Fixing a Sour Corporate Culture: Valeant Pharmaceuticals Faces an Uphill Challenge
Like the Greek mythology character Sisyphus, Valeant Pharmaceutical is attempting to atone for its sins and turn its corporate culture around. I am not usually a cynic but when I see these transparent attempts to reverse a company’s culture, I have a degree of suspicion.
In recent weeks, Valeant took the following steps:
- Hired a new CEO Joseph Papa
- Removed five directors from its board
- Filed its long-delayed annual report
- Created a committee to review its pricing of its drugs
The new CEO Joseph Papa, commenting on the new drug pricing committee stated, “We are committed to ensuring those mistakes are not repeated.”
Valeant’s recent proxy statement noted “Our Board has accelerated the refreshment process in light of recent events.” From this I guess it is not clear whether board members were replaced or whether they attended a cocktail party.
Valeant faces a laundry list of accusations and investigations. Its stock price has fallen over 70 percent. Some are even raising questions as to the integrity of Valeant’s primary accounting model for acquisitions. Former CEO Michael Pearson will remain on the hot seat during these investigations.
Valeant’s recent 10-K said it all in a stinging paragraph about its “material weaknesses” in its financial reporting:
These material weaknesses relate to the tone at the top of the organization and the accounting and disclosure for non-standard revenue transactions particularly at or near quarter ends.
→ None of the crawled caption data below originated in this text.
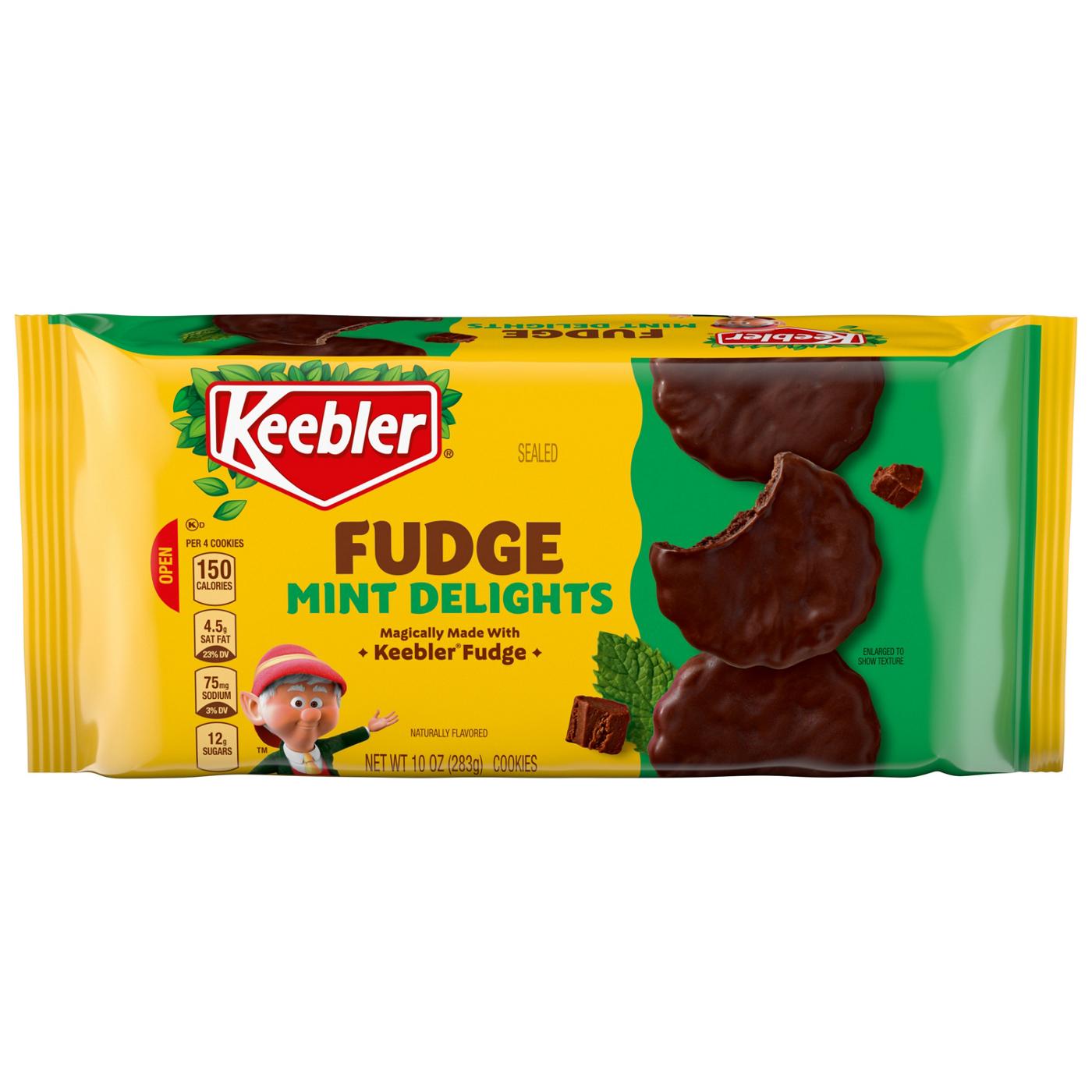 Keebler Fudge Mint Grasshopper Cookies; image 1 of 5
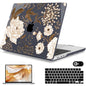 Mektron Case for 2026 M5 MacBook Pro 16 inch A3429 A3428 M4 A3403 A3186 M3 A2991 M2 A2780 M1 A2485 (2021-2025) Pro/Max with Liquid Retina XDR, Hard Shell Plastic Laptop Cover, Peonies Roses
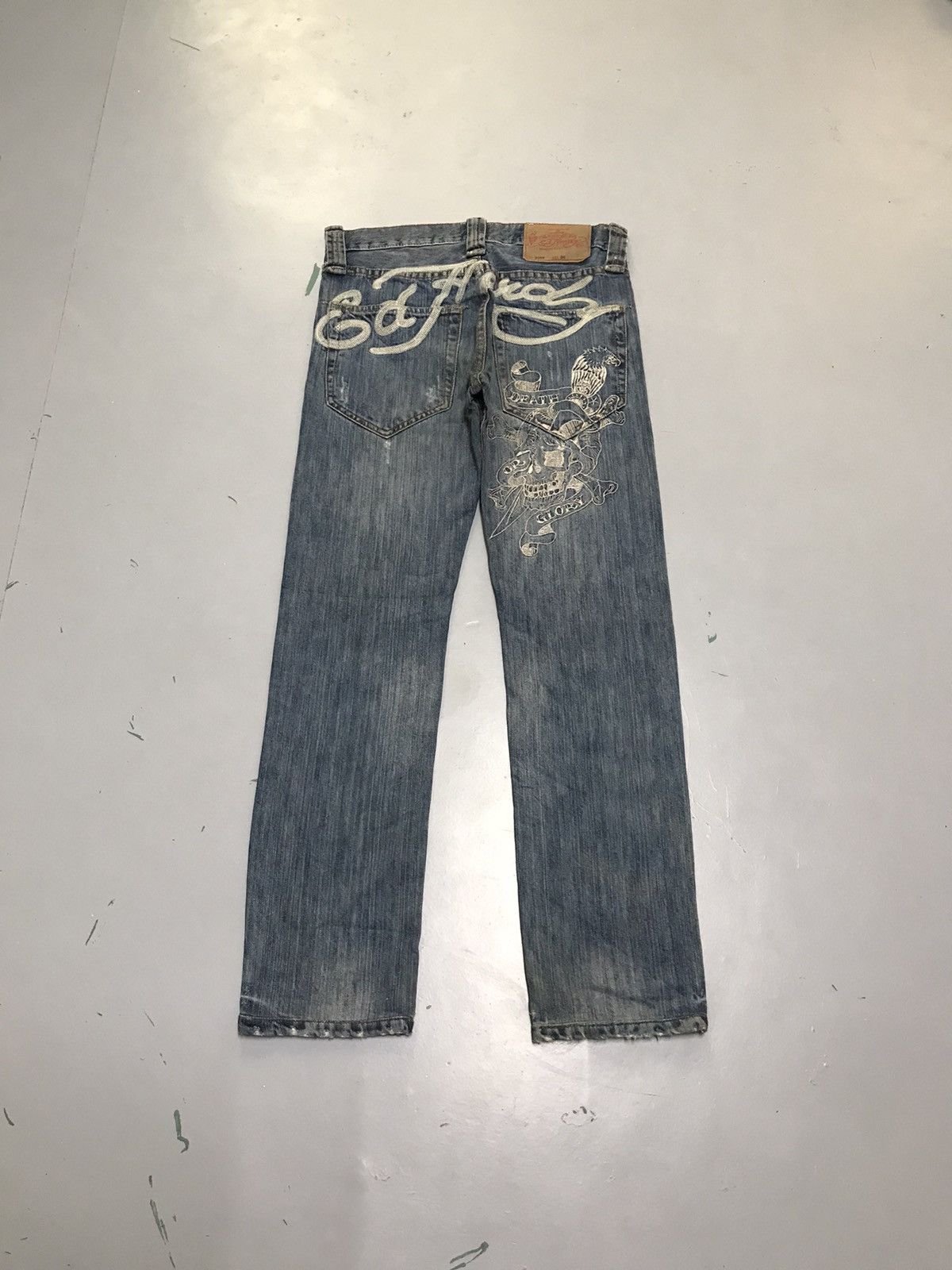 Vintage Ed hardy embroidered denim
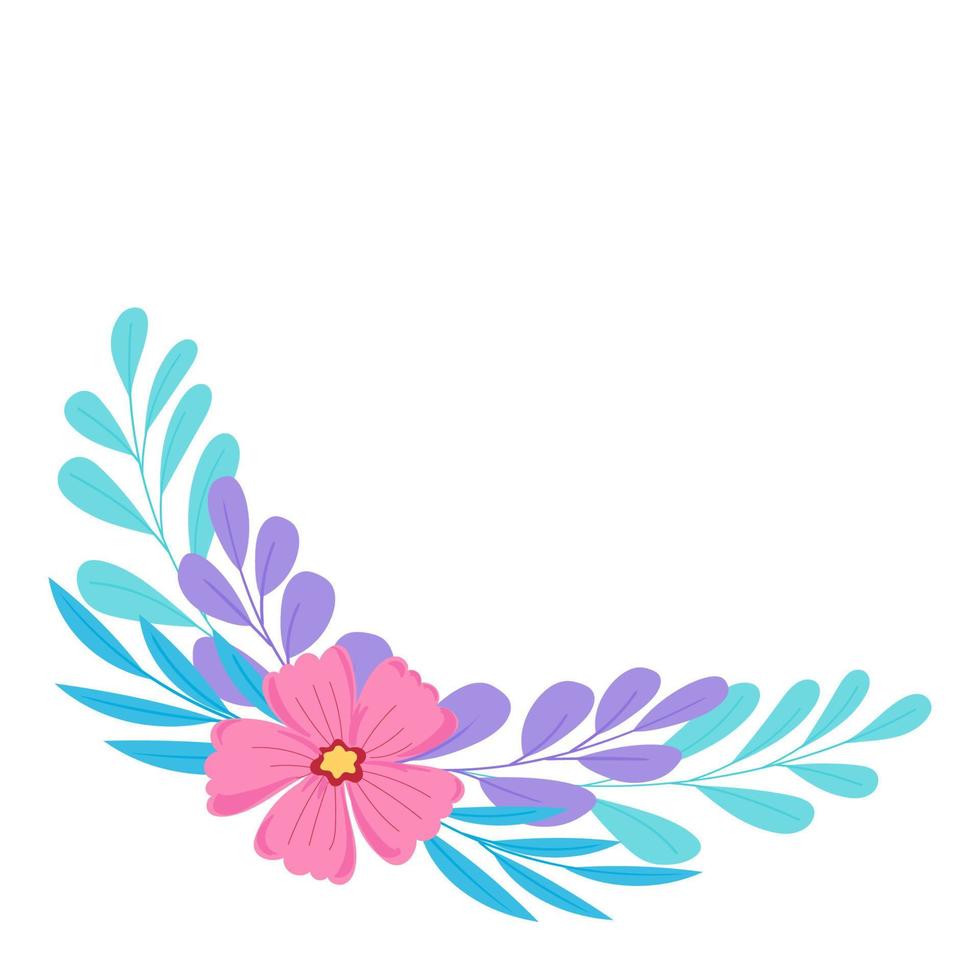 Flower label 01 vector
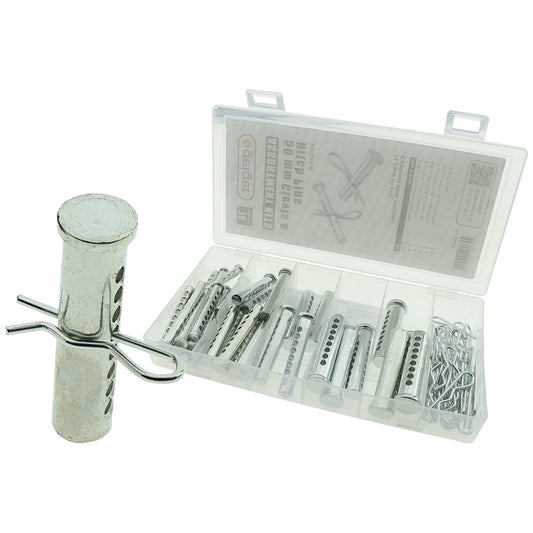 50 mm Clevis & Hitch Pins Assorted 74 pce Kit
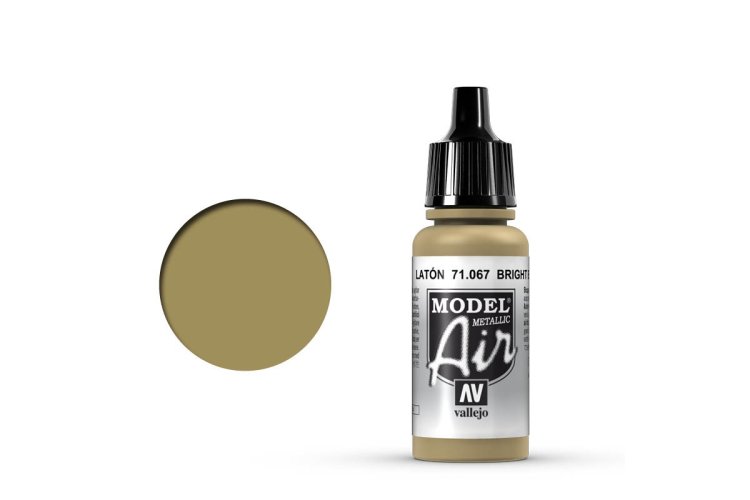 Vallejo 71067 Model Air Bright Brass - Metallic - Acryl - Val71067 xs - VAL71067-XS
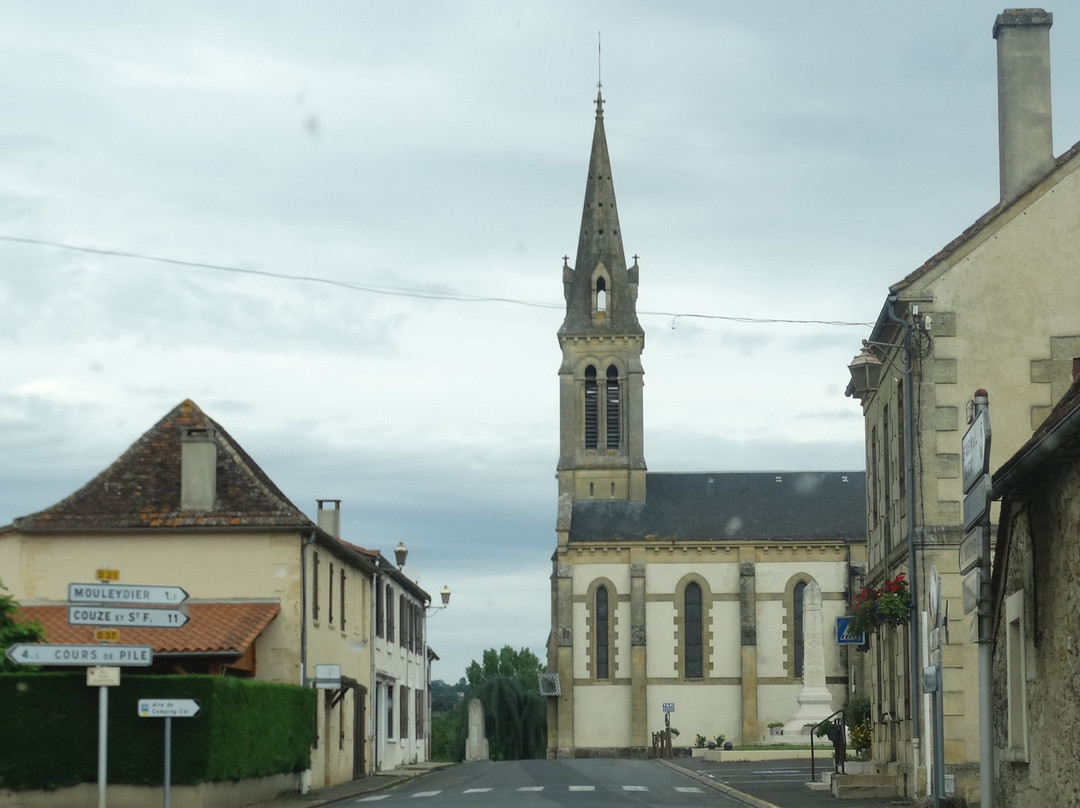 Église Saint-Aubin-de-Lanquais景点图片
The improper conduct of the Company’s former Chief Financial Officer and former Corporate Controller, which resulted in the provision of incorrect information to the ARC and the Company’s independent registered public accounting firm, contributed to the misstatement of financial results. In addition, as part of this assessment of internal control over financial reporting, the Company has determined that the tone at the top of the organization, with its performance-based environment, in which challenging targets were set and achieving those targets was a key performance expectation, may have been a contributing factor resulting in the Company’s improper revenue recognition and the conduct described above.
The challenge for the new CEO and the entire company is how to reverse or replace a culture that permeated every aspect of the company’s operation? Or to put it another way, how can you create a positive culture from a company that has so little positive culture at its core?
Warren Buffet recently explained why he never invested in Valeant and rejected repeated requests from Valeant leaders to do so. According to Buffet, he saw a number of red flags flapping in the wind at Valeant. At bottom, Buffet rejected Valeant because of its slavish devotion to short term gains. Also, Buffet noted, that whenever a company pursues a course of action that puts it on the front page (e.g. astronomical price increases in drug products), “that will eventually get you into trouble.”
Buffet’s partner, Charlie Munger, was a little more direct – “Valeant, of course, was a sewer,” and noted that the directors deserve “all the opprobrium they are getting.”
While some may offer optimistic predictions for Valeant’s future, I find it hard to accept that a company that will be the subject of multiple federal and state investigations, along with aggressive shareholder litigation, can come out of this tailspin in the next few years. Valeant is the perfect example of abuse that flows from slavish devotion to quarterly earnings at the expense of long-time sustainable growth. To replace the short-term model with a mature, long-term incremental growth model requires major changes in Valeant’s focus, starting with traditional research and development of drug products and avoidance of short-term acquisition strategy built on huge debt and large price increases for acquired drugs.